**Exercise prompt:**
Of all the lines in the entries below, give again exactly those starting at the line containing "Dell XPS 15" and ending at the line containing "159 Lakeshore Drive Property Photo 7", both ends included, and no others.

**Input records:**
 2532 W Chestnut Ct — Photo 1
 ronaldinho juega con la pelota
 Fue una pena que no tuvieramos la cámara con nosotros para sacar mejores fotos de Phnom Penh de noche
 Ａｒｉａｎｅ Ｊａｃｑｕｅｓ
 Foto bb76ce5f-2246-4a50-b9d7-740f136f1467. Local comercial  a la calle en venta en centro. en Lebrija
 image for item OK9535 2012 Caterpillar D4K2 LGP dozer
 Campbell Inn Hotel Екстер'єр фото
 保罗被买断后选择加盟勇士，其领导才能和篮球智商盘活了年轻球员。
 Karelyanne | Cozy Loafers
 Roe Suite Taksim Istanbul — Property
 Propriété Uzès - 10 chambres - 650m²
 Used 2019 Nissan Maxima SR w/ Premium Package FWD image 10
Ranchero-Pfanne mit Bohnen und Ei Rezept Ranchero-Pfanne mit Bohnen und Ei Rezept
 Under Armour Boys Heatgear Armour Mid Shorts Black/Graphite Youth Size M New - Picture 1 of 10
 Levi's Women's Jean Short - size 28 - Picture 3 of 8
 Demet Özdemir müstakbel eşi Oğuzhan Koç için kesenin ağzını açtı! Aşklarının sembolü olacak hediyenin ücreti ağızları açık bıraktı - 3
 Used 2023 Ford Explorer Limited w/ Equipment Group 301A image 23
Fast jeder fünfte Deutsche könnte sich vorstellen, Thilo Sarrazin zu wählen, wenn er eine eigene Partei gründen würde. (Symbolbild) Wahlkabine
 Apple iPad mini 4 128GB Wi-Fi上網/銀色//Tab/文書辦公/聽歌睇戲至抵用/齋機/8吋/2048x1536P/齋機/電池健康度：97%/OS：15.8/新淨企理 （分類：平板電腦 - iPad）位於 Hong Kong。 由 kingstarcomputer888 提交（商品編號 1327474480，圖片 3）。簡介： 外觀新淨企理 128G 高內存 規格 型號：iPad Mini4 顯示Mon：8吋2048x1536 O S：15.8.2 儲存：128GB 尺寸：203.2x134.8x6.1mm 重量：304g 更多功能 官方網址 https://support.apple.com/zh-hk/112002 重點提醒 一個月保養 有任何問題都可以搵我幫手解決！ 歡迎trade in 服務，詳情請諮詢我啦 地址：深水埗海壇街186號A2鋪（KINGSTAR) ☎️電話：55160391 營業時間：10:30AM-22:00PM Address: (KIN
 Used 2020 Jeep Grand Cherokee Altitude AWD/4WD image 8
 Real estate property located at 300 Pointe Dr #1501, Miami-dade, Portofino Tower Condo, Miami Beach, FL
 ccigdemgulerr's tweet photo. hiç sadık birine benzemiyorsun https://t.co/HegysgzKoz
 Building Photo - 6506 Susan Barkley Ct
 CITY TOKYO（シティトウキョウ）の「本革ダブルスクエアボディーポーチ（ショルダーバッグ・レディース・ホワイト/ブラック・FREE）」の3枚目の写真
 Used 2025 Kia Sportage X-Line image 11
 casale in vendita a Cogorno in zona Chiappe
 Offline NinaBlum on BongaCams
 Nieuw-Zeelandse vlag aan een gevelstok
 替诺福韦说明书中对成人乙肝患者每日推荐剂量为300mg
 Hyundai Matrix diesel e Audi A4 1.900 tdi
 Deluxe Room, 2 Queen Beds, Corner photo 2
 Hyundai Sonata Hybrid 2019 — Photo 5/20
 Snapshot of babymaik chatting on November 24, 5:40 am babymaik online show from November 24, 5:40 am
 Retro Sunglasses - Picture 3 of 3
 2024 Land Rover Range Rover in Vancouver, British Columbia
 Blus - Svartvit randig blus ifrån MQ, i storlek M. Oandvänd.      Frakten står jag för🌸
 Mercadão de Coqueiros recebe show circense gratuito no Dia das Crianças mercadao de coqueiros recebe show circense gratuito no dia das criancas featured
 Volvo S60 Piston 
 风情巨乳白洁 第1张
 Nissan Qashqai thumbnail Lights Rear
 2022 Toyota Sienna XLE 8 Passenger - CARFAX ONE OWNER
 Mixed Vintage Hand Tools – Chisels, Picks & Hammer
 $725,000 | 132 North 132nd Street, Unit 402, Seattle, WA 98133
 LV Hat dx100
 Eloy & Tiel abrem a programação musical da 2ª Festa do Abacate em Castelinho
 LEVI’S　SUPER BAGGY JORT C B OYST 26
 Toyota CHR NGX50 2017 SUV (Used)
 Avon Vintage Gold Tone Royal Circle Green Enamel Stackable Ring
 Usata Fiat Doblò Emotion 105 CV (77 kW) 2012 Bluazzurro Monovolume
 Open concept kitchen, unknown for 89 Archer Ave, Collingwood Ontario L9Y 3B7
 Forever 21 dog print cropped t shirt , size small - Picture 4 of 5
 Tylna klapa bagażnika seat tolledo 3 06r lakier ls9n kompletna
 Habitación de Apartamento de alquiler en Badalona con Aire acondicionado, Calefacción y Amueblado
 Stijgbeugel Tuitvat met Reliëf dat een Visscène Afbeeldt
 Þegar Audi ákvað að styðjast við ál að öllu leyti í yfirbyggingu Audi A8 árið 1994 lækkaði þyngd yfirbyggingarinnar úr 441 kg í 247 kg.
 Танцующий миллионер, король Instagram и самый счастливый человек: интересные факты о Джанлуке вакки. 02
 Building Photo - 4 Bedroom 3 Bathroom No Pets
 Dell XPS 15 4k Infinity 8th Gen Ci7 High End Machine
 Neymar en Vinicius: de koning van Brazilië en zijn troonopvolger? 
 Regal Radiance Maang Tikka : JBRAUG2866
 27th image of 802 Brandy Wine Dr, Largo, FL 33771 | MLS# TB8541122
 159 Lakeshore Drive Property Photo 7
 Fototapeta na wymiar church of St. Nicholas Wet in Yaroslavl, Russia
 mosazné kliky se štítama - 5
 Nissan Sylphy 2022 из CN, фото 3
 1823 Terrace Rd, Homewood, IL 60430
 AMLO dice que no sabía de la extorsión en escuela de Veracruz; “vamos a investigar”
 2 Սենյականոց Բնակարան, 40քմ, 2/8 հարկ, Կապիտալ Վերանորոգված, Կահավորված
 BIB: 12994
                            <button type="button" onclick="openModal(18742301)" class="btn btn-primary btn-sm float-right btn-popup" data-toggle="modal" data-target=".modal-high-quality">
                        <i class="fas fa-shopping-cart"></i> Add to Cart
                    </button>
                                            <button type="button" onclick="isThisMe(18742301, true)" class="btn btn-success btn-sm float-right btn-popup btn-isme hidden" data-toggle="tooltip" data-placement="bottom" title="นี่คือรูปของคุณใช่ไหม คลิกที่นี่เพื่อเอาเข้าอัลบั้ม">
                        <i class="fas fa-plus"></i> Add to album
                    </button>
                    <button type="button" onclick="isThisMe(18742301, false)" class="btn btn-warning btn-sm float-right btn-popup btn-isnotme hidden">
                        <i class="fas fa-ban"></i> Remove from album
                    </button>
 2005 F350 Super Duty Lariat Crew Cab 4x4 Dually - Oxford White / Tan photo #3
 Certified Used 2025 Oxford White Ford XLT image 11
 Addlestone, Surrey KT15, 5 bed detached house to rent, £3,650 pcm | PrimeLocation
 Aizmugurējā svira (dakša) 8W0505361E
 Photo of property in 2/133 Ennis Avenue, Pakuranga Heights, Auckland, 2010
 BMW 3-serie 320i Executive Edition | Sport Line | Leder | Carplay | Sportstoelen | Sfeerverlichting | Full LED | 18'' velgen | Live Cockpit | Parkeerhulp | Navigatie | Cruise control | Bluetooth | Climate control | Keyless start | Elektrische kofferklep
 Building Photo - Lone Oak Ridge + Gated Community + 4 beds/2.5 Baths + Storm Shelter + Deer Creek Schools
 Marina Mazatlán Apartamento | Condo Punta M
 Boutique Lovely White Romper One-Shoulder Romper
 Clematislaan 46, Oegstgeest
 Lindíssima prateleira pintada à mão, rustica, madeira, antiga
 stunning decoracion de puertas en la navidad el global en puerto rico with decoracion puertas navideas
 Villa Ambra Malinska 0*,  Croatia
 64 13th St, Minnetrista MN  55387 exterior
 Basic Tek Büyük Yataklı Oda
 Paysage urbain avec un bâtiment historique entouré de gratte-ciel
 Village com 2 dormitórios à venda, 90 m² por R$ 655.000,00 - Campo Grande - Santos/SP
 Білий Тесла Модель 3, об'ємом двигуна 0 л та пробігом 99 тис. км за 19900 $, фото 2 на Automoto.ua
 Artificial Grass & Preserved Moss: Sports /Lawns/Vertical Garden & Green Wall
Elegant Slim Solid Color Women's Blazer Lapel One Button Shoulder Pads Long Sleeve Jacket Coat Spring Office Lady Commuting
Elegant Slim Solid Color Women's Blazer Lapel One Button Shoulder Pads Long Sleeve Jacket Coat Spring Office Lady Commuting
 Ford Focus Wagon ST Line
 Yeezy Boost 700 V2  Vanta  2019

**Task solution:**
 Dell XPS 15 4k Infinity 8th Gen Ci7 High End Machine
 Neymar en Vinicius: de koning van Brazilië en zijn troonopvolger? 
 Regal Radiance Maang Tikka : JBRAUG2866
 27th image of 802 Brandy Wine Dr, Largo, FL 33771 | MLS# TB8541122
 159 Lakeshore Drive Property Photo 7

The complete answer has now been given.